Heatstroke (also know an hyperthermia) is something parents of young children think about plenty in the summer. But humans aren’t the only ones that can suffer from heatstroke. Pets can too.
Heatstroke isn’t always on pet owners’ radars, but failing to recognize the signs can be extremely dangerous — even deadly — to your beloved furry friend. Dogs are the most at-risk because they spend more time outdoors and traveling with us in vehicles than other pets. As dog lovers, we want our companions to do everything with us — especially when summertime comes.
Know the signs
That’s why it’s crucial to know the signs of heatstroke and keep an eye out for them when you’re outdoors in warm weather, or traveling with your pet. Excessive heat that rises your dog’s body temperature over 103 degrees Fahrenheit can cause severe, potentially fatal, damage to your dog’s brain, heart and liver.
There are five signs you must never ignore that indicate your pup is in heat-related distress:
1. Rapid Panting
Dogs pant to regulate their body temperature and stay cool.

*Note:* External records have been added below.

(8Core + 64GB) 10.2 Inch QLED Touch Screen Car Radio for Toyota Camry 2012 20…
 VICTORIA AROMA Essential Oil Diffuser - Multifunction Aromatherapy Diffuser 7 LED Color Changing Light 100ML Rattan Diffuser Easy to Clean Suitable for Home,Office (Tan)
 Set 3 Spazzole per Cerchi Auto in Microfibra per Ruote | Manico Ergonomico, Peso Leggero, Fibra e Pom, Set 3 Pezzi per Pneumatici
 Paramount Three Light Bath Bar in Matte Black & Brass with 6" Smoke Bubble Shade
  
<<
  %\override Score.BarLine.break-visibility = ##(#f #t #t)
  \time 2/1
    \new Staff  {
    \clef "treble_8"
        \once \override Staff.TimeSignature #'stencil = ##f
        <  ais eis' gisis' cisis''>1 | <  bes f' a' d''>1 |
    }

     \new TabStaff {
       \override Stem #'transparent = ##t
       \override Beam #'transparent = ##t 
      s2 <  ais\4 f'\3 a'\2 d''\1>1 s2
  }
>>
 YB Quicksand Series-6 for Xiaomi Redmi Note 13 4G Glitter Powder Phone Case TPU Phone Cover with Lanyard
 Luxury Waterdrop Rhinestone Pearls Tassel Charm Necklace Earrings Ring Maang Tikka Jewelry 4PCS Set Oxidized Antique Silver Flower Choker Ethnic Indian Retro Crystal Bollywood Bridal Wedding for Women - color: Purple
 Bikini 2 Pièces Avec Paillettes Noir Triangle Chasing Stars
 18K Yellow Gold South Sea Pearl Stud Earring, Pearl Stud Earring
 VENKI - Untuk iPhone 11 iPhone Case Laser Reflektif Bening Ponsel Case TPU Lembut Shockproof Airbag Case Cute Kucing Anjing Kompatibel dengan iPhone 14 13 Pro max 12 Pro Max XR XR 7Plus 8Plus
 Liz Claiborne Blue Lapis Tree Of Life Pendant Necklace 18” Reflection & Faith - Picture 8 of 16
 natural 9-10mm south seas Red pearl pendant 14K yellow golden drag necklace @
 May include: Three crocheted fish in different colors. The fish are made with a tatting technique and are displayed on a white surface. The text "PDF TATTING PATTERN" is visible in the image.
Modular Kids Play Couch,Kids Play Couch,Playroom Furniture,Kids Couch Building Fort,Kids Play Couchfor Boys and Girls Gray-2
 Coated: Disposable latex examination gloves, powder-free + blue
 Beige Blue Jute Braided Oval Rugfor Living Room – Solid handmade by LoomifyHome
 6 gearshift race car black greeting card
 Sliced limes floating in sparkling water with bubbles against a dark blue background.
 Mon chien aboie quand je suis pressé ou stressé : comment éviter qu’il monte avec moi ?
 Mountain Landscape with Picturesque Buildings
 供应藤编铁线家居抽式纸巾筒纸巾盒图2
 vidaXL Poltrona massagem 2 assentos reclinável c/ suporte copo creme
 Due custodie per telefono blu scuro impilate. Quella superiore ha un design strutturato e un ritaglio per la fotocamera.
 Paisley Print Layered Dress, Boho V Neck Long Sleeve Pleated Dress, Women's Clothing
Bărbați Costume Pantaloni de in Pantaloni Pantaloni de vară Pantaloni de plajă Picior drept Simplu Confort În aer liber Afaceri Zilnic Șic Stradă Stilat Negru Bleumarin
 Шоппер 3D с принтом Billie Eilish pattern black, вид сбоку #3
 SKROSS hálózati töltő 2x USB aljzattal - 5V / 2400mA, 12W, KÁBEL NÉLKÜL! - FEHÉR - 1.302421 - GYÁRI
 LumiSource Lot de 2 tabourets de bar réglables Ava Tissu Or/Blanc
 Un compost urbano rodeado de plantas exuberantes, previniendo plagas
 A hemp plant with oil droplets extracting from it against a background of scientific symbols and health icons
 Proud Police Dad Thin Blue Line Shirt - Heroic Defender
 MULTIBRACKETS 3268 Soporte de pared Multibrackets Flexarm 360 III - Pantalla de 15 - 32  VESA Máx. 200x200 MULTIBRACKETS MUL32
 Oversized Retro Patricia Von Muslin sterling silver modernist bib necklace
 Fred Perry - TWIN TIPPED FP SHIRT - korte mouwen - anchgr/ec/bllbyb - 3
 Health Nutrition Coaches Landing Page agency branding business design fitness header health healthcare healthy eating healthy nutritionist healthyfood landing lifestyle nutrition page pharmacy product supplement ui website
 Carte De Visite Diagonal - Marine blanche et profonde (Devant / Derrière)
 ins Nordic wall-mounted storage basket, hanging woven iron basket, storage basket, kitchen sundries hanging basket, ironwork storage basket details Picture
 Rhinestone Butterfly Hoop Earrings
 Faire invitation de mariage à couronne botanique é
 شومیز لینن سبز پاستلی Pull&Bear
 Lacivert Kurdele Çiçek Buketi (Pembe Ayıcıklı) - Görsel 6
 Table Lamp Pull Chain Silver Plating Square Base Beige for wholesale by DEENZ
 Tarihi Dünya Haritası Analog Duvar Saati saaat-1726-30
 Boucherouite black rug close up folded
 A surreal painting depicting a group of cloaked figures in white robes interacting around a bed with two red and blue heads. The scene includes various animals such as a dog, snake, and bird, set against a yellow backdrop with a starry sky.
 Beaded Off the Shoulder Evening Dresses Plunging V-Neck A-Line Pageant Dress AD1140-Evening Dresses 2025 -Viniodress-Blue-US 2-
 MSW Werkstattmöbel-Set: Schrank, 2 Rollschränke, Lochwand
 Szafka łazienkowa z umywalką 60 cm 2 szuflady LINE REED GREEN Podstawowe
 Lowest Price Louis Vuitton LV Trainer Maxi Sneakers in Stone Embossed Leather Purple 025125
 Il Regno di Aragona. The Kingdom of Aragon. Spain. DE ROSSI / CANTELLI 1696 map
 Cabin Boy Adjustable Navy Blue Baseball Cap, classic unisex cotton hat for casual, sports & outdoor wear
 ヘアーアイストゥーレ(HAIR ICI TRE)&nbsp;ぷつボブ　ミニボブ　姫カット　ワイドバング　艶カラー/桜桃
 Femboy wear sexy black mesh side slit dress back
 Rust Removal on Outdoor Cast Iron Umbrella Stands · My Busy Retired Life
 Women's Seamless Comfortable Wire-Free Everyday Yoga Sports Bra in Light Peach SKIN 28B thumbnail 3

Some amount of panting is normal, and healthy. However, when panting isn’t enough, their body temperature can quickly rise to dangerous levels.
The minute you notice panting, get your dog out of the heat, to a cool or shady area, with access to plenty of fresh water.
2. Color changes in the tongue and/or gums
Checking the color of his tongue and gums is a good proactive measure to keep your dog’s body temperature cool. The tongue and gums can become darker red in color as body temperature rises.
A more pale than normal color in the gums can also be a sign of heatstroke, as it can indicate oxygen deficiency. If you notice this, head indoors or for the shade and allow your dog access to plenty of cool water. If you think oxygen depletion is occurring, call your vet or get to an emergency vet department immediately.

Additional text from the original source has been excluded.